Records for processing START

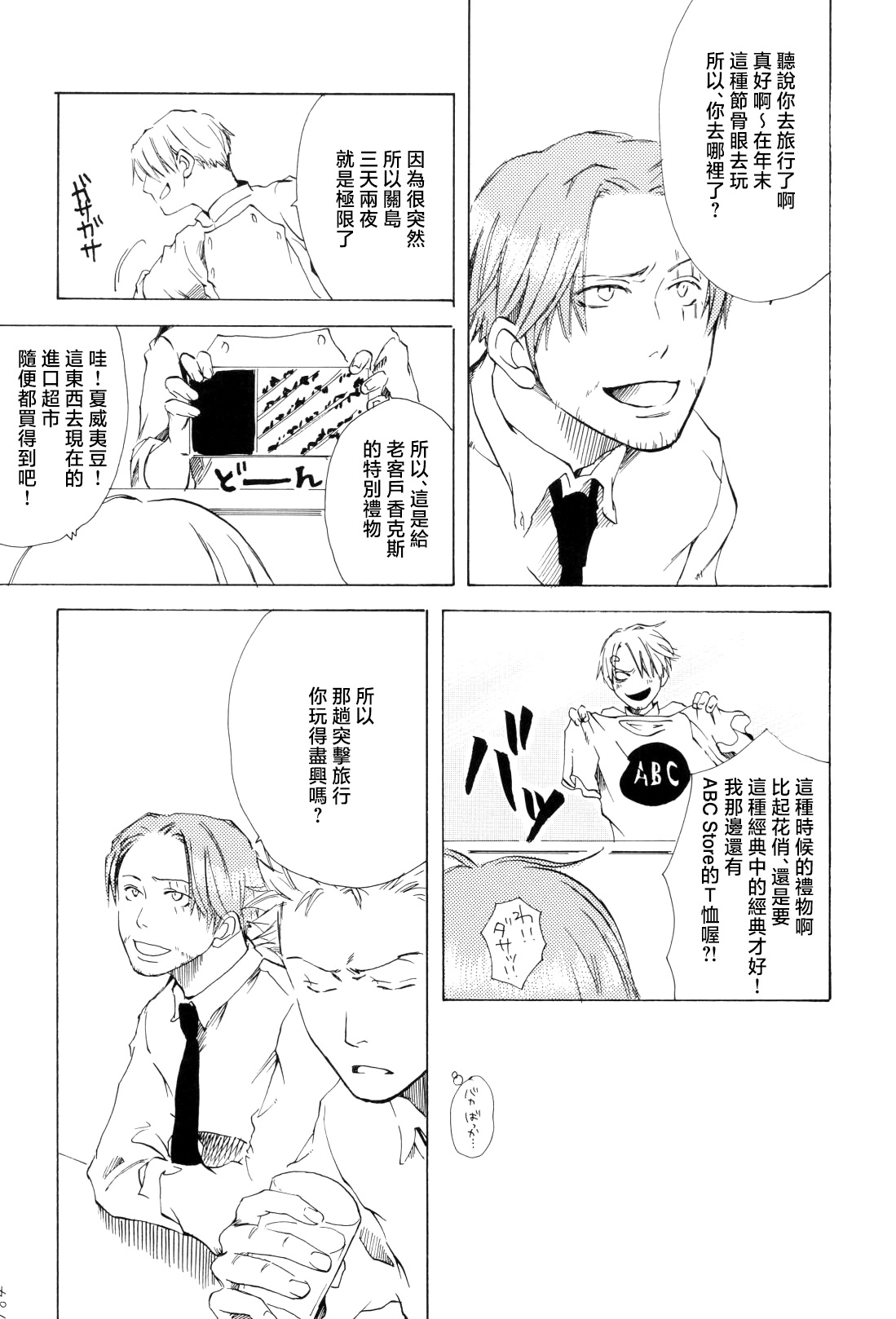 幸せ家族計画 page 10 full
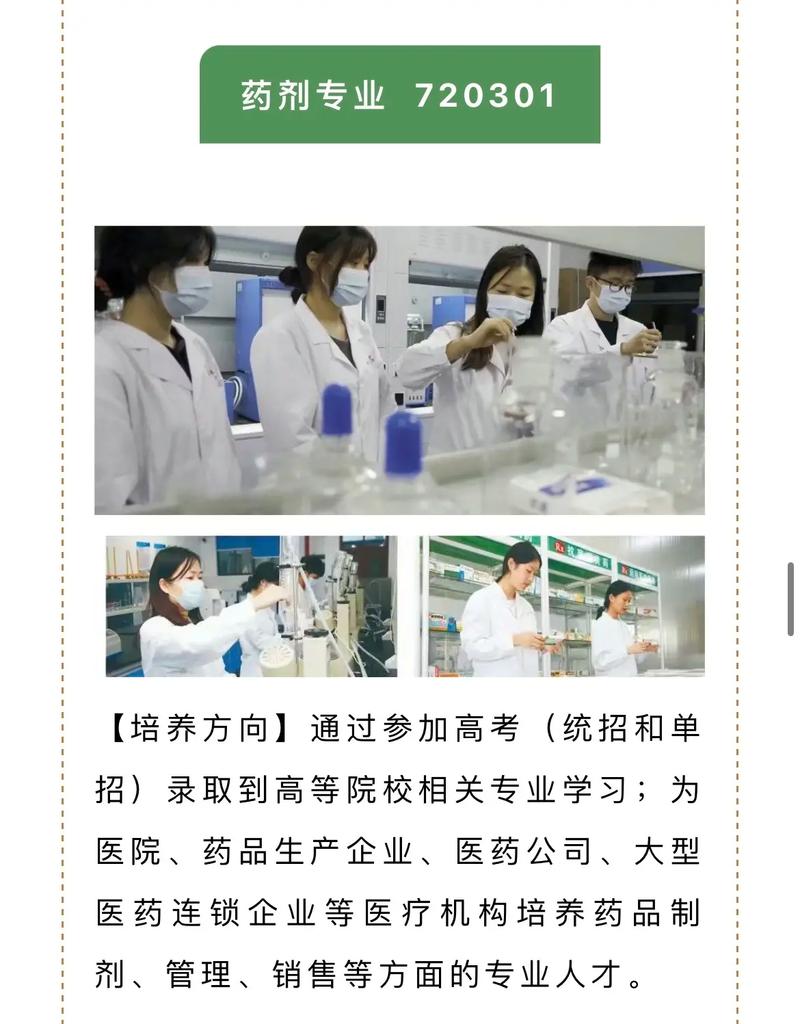 药剂专业主要学什么内容,药剂专业主要学什么内容的-第8张图片-职教招生网 药剂专业主要学什么内容,药剂专业主要学什么内容的-第8张图片-职教招生网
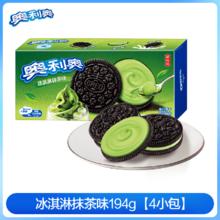 88VIP会员：OREO 奥利奥 夹心饼干 原味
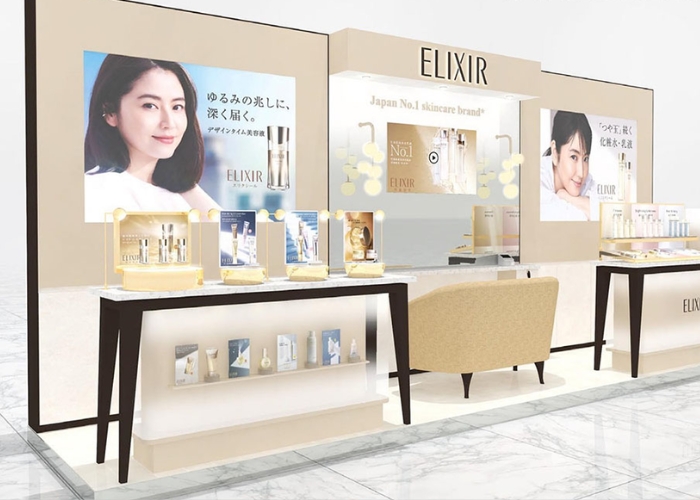 Review mỹ phẩm Elixir có tốt không? Có phải kem trộn không?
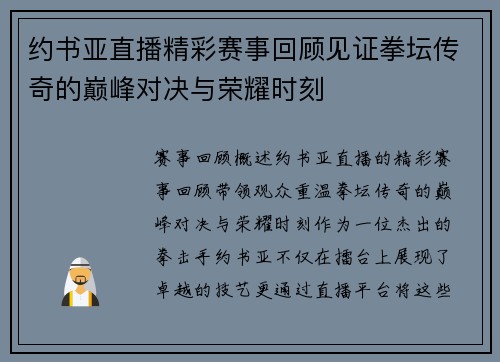 约书亚直播精彩赛事回顾见证拳坛传奇的巅峰对决与荣耀时刻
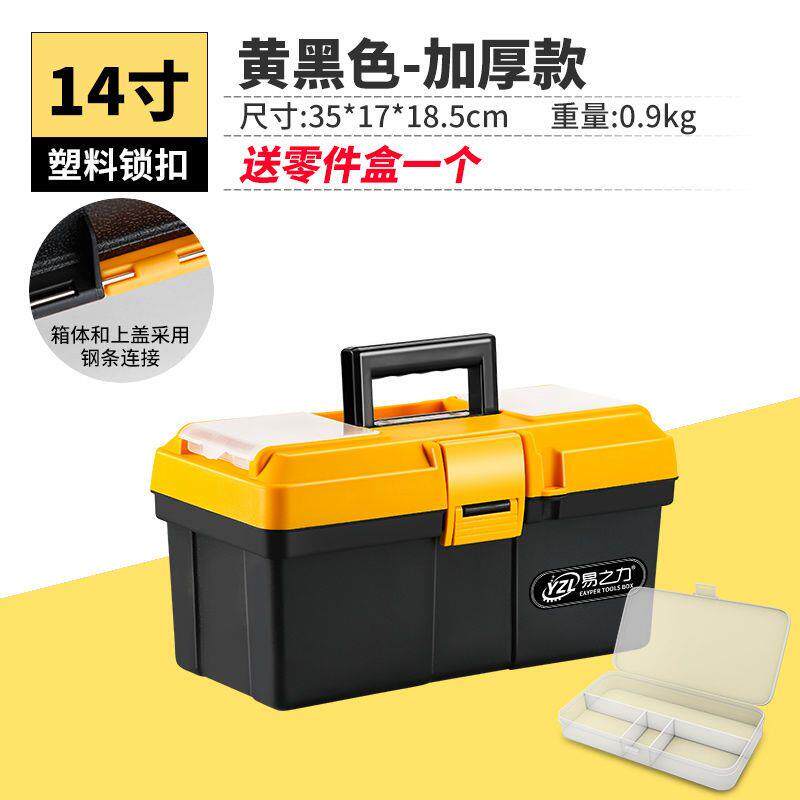 高档叠易之力手三层折工具箱业级家用套装多功能提式电工五工金收图片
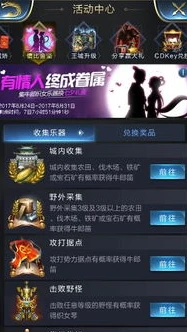 乱世王者直播间礼包怎么领_乱世王者直播间礼包领取全攻略，超值福利轻松拿
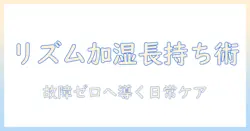 リズムの加湿器を長く使うためのお手入れ完全ガイド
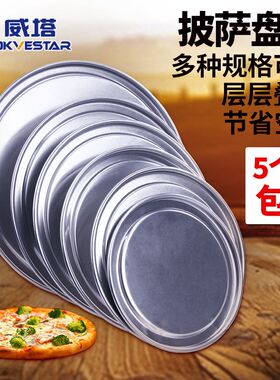 披萨烤盘盖 6 7 8 9 10 12寸 铝合金盘盖比萨盖三能麦太烤盘通用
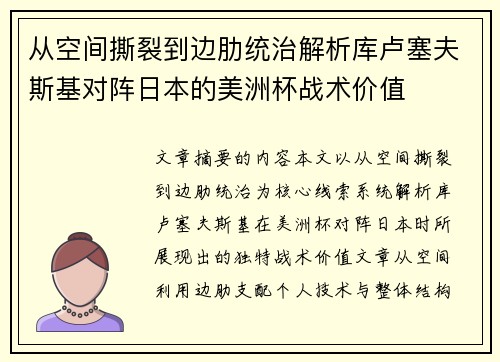 从空间撕裂到边肋统治解析库卢塞夫斯基对阵日本的美洲杯战术价值 从空间撕裂到边肋统治解析库卢塞夫斯基对阵日本的美洲杯战术价值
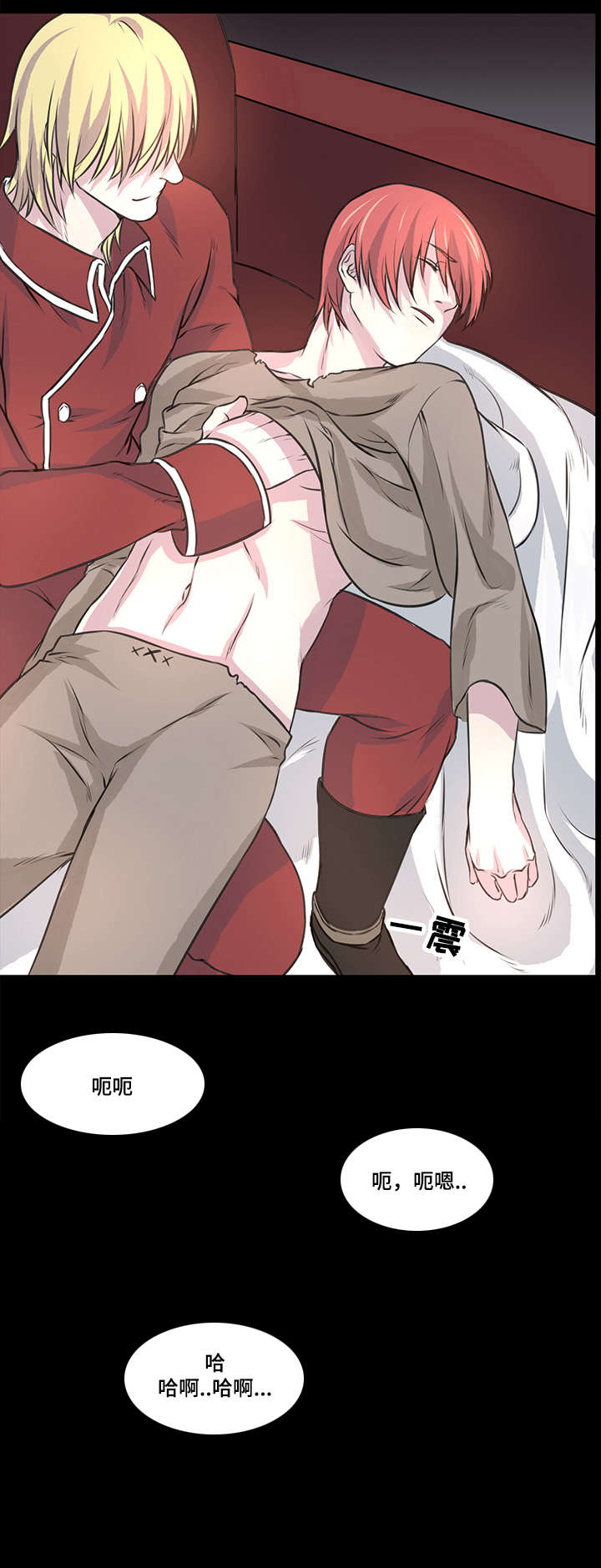 第6章：肮脏的魔鬼8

Records for processing END

Action item
From the first line of the records down through the line containing "リズムの加湿器を長く使うためのお手入れ完全ガイド", transcribe exactly those lines and no others, both ends kept, pictures dropped.

Exercise response
 幸せ家族計画 page 10 full
 药剂专业主要学什么内容,药剂专业主要学什么内容的-第8张图片-职教招生网 药剂专业主要学什么内容,药剂专业主要学什么内容的-第8张图片-职教招生网
 88VIP会员：OREO 奥利奥 夹心饼干 原味
 Review mỹ phẩm Elixir có tốt không? Có phải kem trộn không?
 约书亚直播精彩赛事回顾见证拳坛传奇的巅峰对决与荣耀时刻
 高档叠易之力手三层折工具箱业级家用套装多功能提式电工五工金收图片
 乱世王者直播间礼包怎么领_乱世王者直播间礼包领取全攻略，超值福利轻松拿
 リズムの加湿器を長く使うためのお手入れ完全ガイド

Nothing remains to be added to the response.